Good bye Kenya….hello Uganda!! Serving in Kenya was tremendous. What can I say?…I was a little nervous coming into The World Race. Where would I be living? A tent? What would I be eating??? Although there have been a few interesting meals, as a whole the food has been wonderful. Would I get sick.? Get malaria?? Nope!! Malaria has been an issue for a number of people on my. We have had whole teams come down with it. While we are taking preventative medication it does not cover for all the different stands of malaria. While staying in Kenya we had developed a close friendship with a native Kenyan named John. He had never had malaria but in one night he started running a high fever, nausea, and body aches, some of the classic signs of malaria. His countenance changed from exuberant joy to extreme weakness but the thought of going to the hospital for him was a worrisome because of the cost. It was so awesome though, because we where able to take him to a clinic that night and start treatment and within hours of receiving treatment he was feeling better, and by the following afternoon he was home. His bill?….2,500……!!!…..shillings….so what does that translate to in dollars….only about about 25!! I wish you could have seen the gratitude that was on his face and felt the joy that filled his heart after our team payed his bill. It was a look that was worth millions. He has become a great friend and I hope to continue our friendship even though I am continuing on now in Uganda.

I have now been in Uganda for a little over a week and things have been great. It rains just about every day but really the weather is soooo nice but where there is rain there is MUD and lots of it. Its not till you get more in the city that you have paved (pot hole ridden) roads, so I have just got used to washing my feet on a regular bases (I typically where sandals everywhere I go). We are located just about 25 minutes outside of Kampala (the capital of Uganda) in a village called Kisigula. This past week we visited Conerstone elementary school located in Ggaba (near Lake Victoria). I did not really know what I was getting into when I signed up for The World Race but I am coming to discover that we are here to do just about anything….but teaching??? I never saw myself as much of a school teacher but here I am teaching in Africa. Thankfully I my students are 1/3 my size and most their problems have to do with telling time…whew….I think I can handle that. We have been traveling just about every day to teach for a few hours in the schools that the pastor, our contact here, is head over.

So traveling here in Africa is sooo much fun. Ok maybe you have to have a little bit of a twisted sense of humor to think so but its just crazy at times. We have to travel to “taxi park” once we get to the city to get a connecting taxi to where we are trying to go. “Taxi park” is so crazy. There seems like there is about a gazillion van/bus like taxi’s crammed into a very small area and if it had recently rained its might as well be a mud pit. If you can manage not to slip and fall into the mud as you squeeze between taxi's, so close together that you can barely fit, then you are doing good.
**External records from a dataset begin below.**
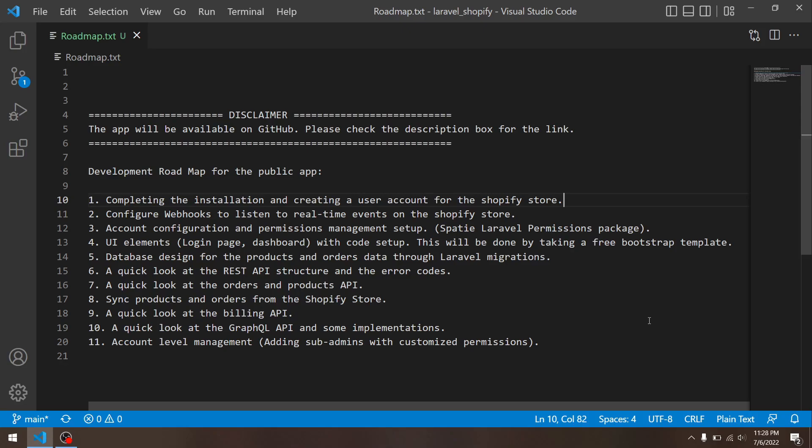So let's discuss the roadmap. The first thing I wanted to do is completing the installation flow, which means we only got the installation flow and the data related to it in the database. So I wanted to do some extra code and make sure that users have their accounts created in our database so they can access it.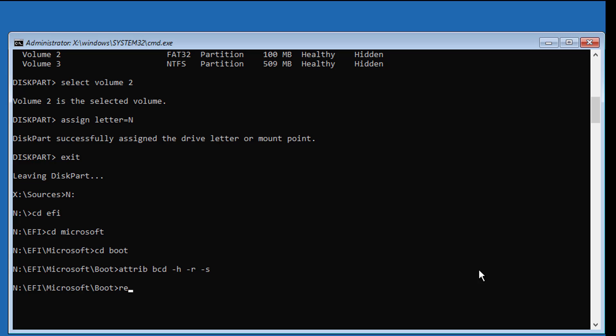Type ren bcd bcd.bak to rename the BCD file.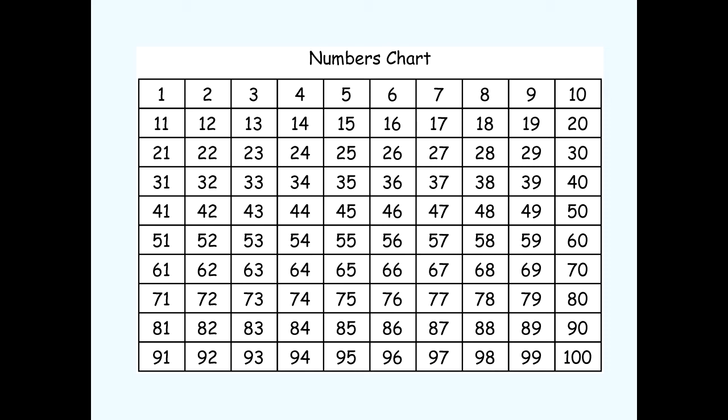But today we're going to start at the number ten and we are going to count by ten. We're going to go right down this row on the hundreds chart. Can you count with me?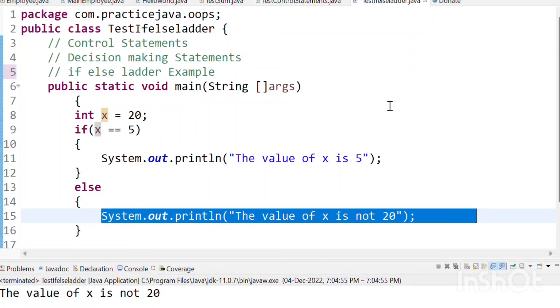In the previous video, we tested the if-else ladder. Now we will show a Java program example.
When you do find the right taxi, which I could never do without the help of a local contact who always helps us, you get to watch as taxi drivers yell at one another (who knows what they are saying…???) trying to get us into there taxi. But eventually we make it into a taxi and we are off…..or so you would think. So this past time we sat for about 20 minutes as we where jammed bumper to bumper trying to get out of the taxi park. Tires spinning in mud, people pushing taxi's out of pot holes, the wonderful smell of BO a 18 people packed like sardines into a matatu (that’s what they call a taxi here)
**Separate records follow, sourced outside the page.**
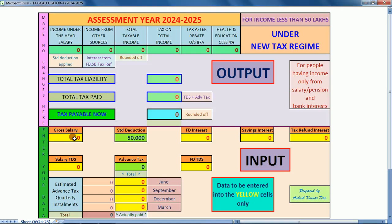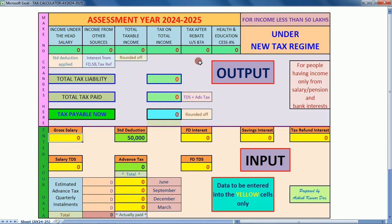Hello friends, this is a simple Excel-based income tax calculator for the assessment year 2024-25 under the new tax regime, incorporating the amendments made recently in section 87A of the Income Tax Act. This calculator also provides an estimate for advance tax quarterly installments. This calculator is for people having income only from salary and bank interest.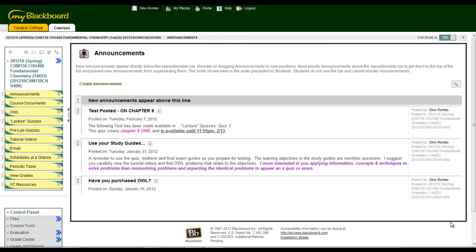In this video, I'll give you a brief tour of what's available in Blackboard for your Chem 130 hybrid course.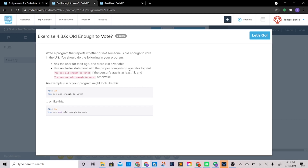Alright, so we're on exercise 436 now — this is where some things start to get a little more complicated. We're starting to combine a few different things. Write a program that reports whether or not someone is old enough to vote in the U.S. Ask the user for their age stored in a variable using the input function, then use an if/else statement with the proper comparison operator to print 'you are old enough to vote' if the person's age is at least 18.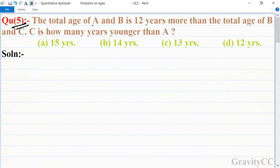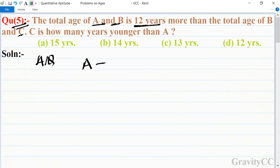In this question, the total age of A and B is given as 12 years more than the total age of B and C. According to the question, we set up: age of A plus B is equal to 12 more than the age of B plus C.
So what am I learning….flexibility…physically (you know you have to bend in some interesting ways to fit 18 people in a small van), mentally (teaching!!!…ok I know its only elementary but its still challenging. Plus have you ever watched the show “Are you smarter then a fifth grader?? Point rested), and spiritually. God likes to put us in things that we never foresaw to teach us things we never knew about ourselves. God is so good. Africa is so good. This opportunity has been so good. Your support in my life is so good. Thank you for everything. Hope you all are doing well.